Caso o planeta, a despeito da nossa clara renitência, persista em existir em 2022, Portugal irá receber as Jornadas Mundiais da Juventude. O evento, surpreendentemente, será acolhido por Lisboa. Já imaginaram um país com mais do que uma cidade? A descentralização constituirá heresia: possivelmente é vista como um cisma, do género do de Constantinopla. Deus é omnipresente no resto do Mundo católico, em Portugal não consegue passar além da CREL.

Tenho a certeza de que encherá os cofres à hotelaria e tenho todo o respeito pelo seu público-alvo. Lisboa estará repleta de jovens católicos, espero que a fazer coisas pouco católicas, e pessoas com chapéus esquisitos (mas não encapuzados, pois não estamos a falar das Jornadas Mundiais da Juventude Leonina). Agora, os jovens que virão a frequentar as JMJ provavelmente já terão nascido 2000 anos após Cristo. Pessoalmente se tivesse dezoito anos preferiria ir a um festival onde se escutasse uma música mais contemporânea. A meu ver, é um grande generation gap.

A escolha de Lisboa como anfitriã deste evento foi muito celebrada neste país laico que ultrapassou e se distanciou claramente do fascismo, que não mantém o fado como única referência musical associada à cultura nacional, que raramente dá atenção ao futebol e que pura e simplesmente ignora Fátima. Afinal, não podemos ignorar que somos liderados pelo crente Marcelo e pelo crente nele próprio, António Costa.

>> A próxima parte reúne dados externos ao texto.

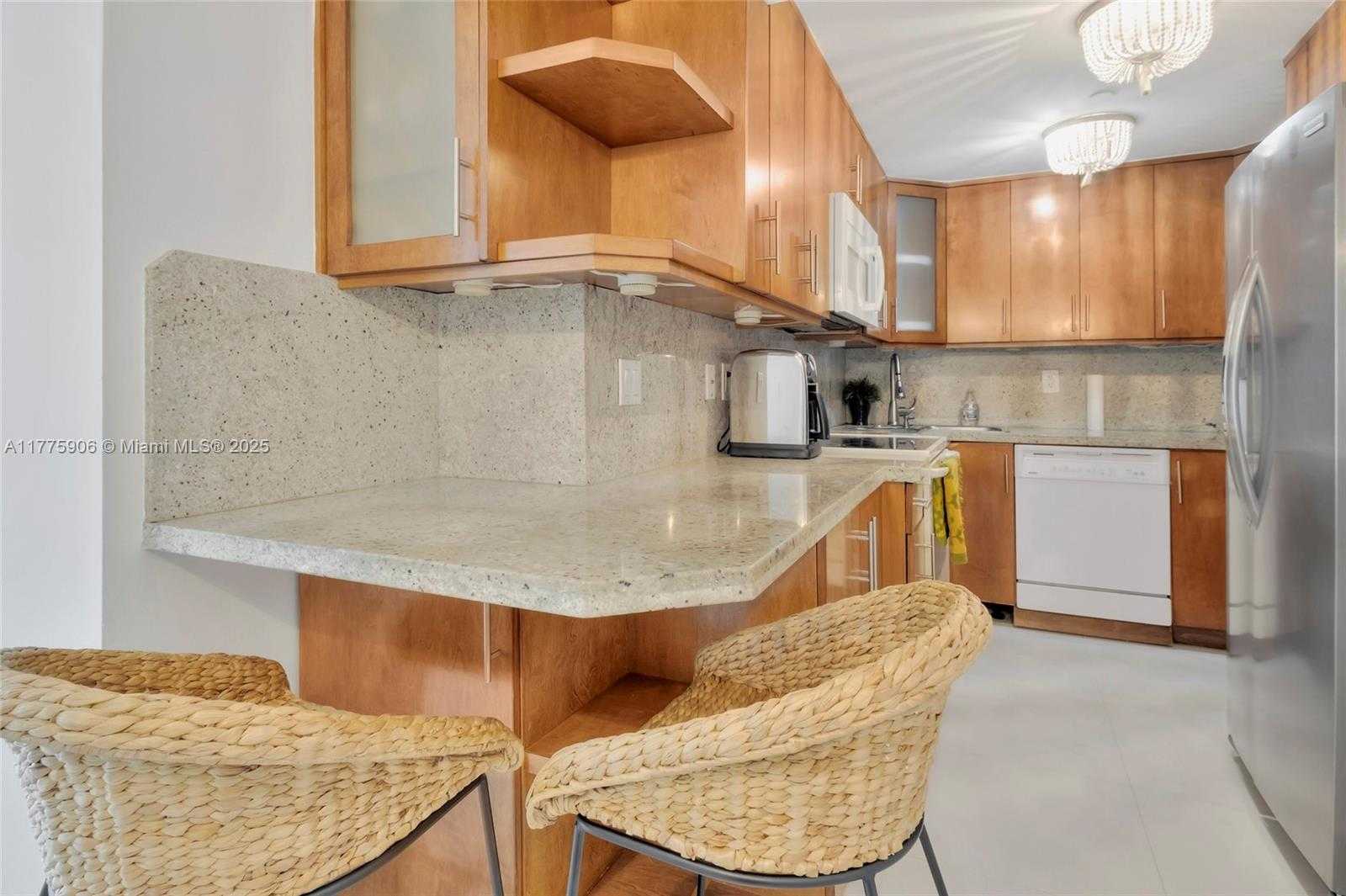 Small Image of 2401 COLLINS AVE #1805, Miami Beach Number 15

Os eventos são hoje a praia de Portugal, mais do que a própria praia. Portugal (leia-se Lisboa) tornou-se num país tão focado na produção de grandes acontecimentos que Manuel Alegre era menino para reformular o seu poema para “Trova do Evento Que Passa” (isto é, em troca de permitirem que Alegre organize um evento mundial de tauromaquia no Campo Pequeno – já que estamos numa de celebrar o obscurantismo).

Já há muito que a Igreja Católica devia a Portugal uma prenda como esta. Afinal de contas, fizemos questão de expulsar os judeus, tendo agora de lidar com o embaraço de ter uma série de pessoas com apelidos de origem portuguesa a fazer coisas de Primeiro Mundo na Holanda, por exemplo, porque nós fizemos o favor ao Vaticano de optar pelo atraso civilizacional (mas desenvolvendo, apesar de tudo, um enorme talento para montar palcos e casas de banho portáteis. Quem disse que ficámos a perder?).